## [EXERCISE DETAILS]
Could you reproduce, word for word, everything below from the line containing "retransmitido para todos" down to the line containing "hubs e repetidores, não", with both of those lines included and no others?

## [EXERCISE INPUT]

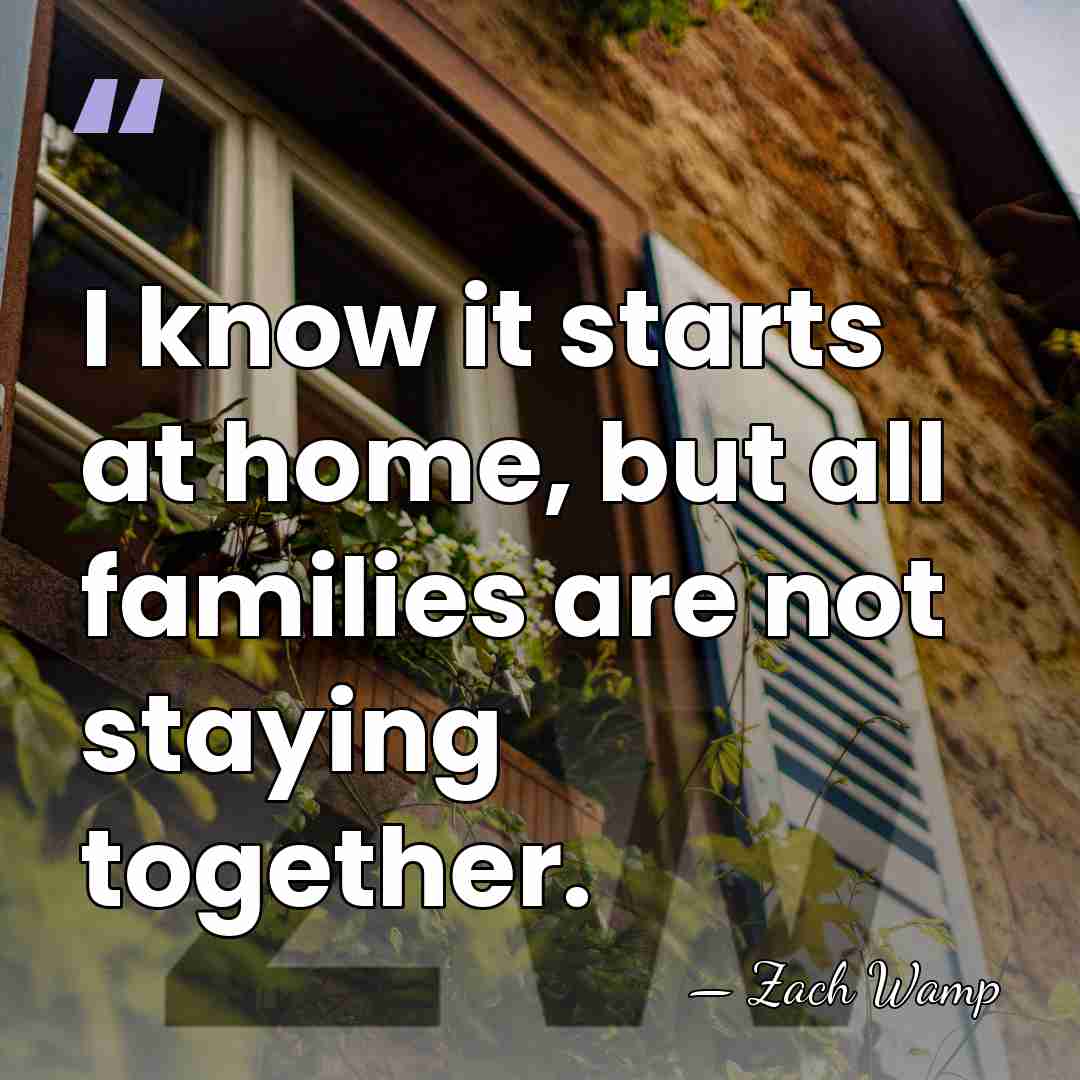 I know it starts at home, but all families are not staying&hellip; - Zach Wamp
...
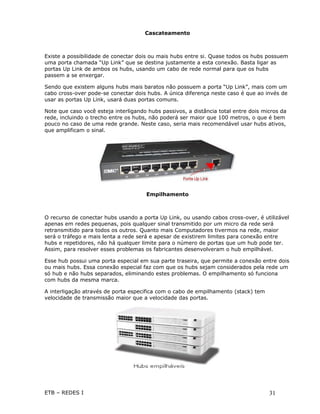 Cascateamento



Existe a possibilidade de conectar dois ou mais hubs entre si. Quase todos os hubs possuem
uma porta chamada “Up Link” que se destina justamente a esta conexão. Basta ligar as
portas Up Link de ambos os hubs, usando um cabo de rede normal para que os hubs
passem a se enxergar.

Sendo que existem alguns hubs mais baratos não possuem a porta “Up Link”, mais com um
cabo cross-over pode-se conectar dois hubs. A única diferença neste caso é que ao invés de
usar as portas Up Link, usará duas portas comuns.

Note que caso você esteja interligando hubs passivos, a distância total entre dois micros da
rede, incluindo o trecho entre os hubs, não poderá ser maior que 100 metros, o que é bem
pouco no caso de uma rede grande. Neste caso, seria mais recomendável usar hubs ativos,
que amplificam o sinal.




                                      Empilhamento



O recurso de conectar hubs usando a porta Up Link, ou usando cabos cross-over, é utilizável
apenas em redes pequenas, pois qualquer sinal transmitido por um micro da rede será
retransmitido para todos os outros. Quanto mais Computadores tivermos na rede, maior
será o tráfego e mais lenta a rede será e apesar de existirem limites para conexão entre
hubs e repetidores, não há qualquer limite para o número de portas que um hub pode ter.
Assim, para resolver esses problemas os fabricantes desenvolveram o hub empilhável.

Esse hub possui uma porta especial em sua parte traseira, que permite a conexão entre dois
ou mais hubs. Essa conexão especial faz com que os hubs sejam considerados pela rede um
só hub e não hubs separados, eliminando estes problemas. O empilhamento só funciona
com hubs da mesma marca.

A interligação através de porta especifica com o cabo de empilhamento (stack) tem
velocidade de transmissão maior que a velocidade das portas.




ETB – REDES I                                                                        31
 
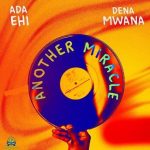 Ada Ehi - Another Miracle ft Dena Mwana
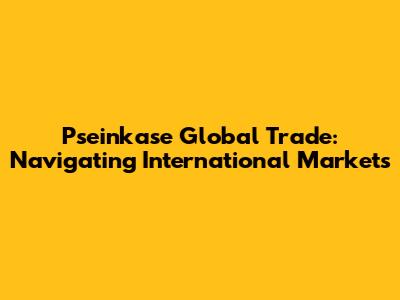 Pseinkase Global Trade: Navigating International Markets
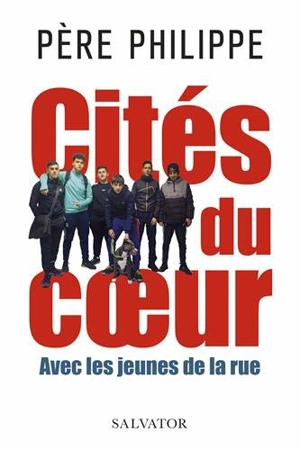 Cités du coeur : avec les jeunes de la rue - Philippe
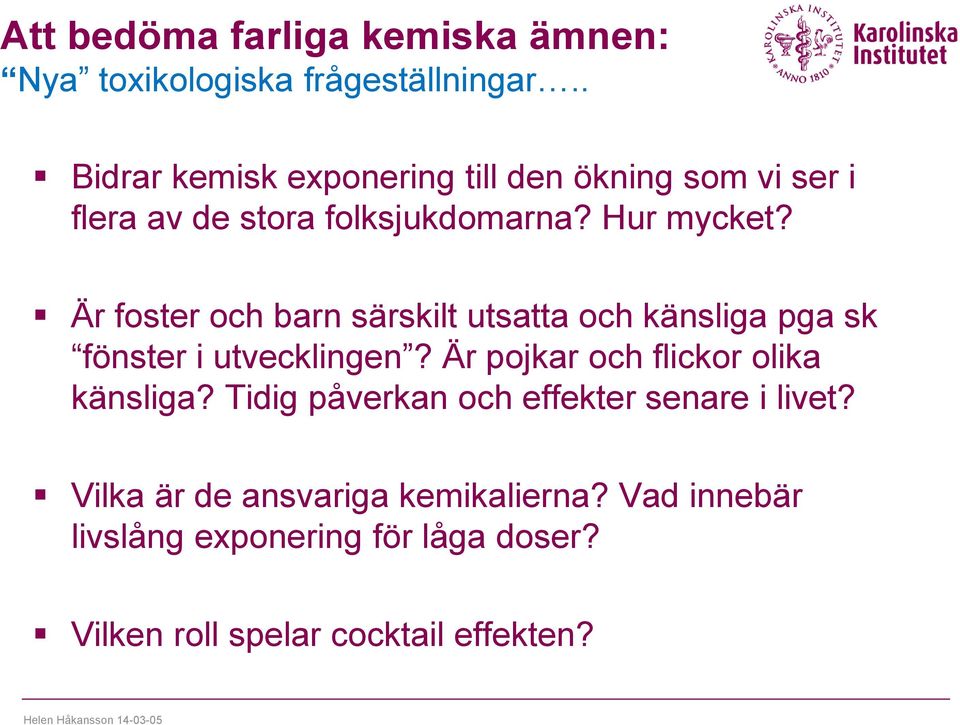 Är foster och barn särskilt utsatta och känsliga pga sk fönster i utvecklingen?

## [RESULT OF THIS TASK]
retransmitido para todos os outros. Quanto mais Computadores tivermos na rede, maior
será o tráfego e mais lenta a rede será e apesar de existirem limites para conexão entre
hubs e repetidores, não há qualquer limite para o número de portas que um hub pode ter.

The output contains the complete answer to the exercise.